Gold was little changed below a two-week high as investors weighed signs of more physical buying against the dollar’s advance.
Rising imports of gold in India is a positive sign and overall purchases of the metal will help support prices through November, Barclays Plc wrote in a report today. Trading today on the Shanghai Gold Exchange’s benchmark bullion spot contract was the highest since April 2013.
The Bloomberg Dollar Spot Index traded near a five-year high after a report showed Japan’s economy unexpectedly sank into a recession. Bearish wagers on gold futures and options by hedge funds are near a record, according to U.S. government data.

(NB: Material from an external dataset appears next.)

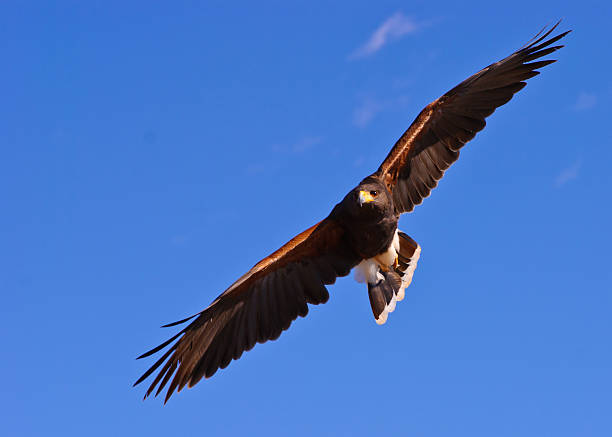 Soaring Harris Hawk stock photo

Bullion is down 1.2 percent this year.
“The market is fundamentally weak,” David Govett, head of precious metals at broker Marex Spectron Group in London, said in a note. “I don’t believe this is the beginning of a sustained up move, but one has to be very careful when the scales are tipped too heavily on one side.”
Gold for December delivery added 0.2 percent to $1,188.40 an ounce by 7:19 a.m. on the Comex in New York. It reached $1,193.60 earlier today, the highest since Oct. 31. Bullion for immediate delivery was little changed at $1,189.30 in London, according to Bloomberg generic pricing.
Futures trading volume was more than double the average for the past 100 days for this time of day, data compiled by Bloomberg show.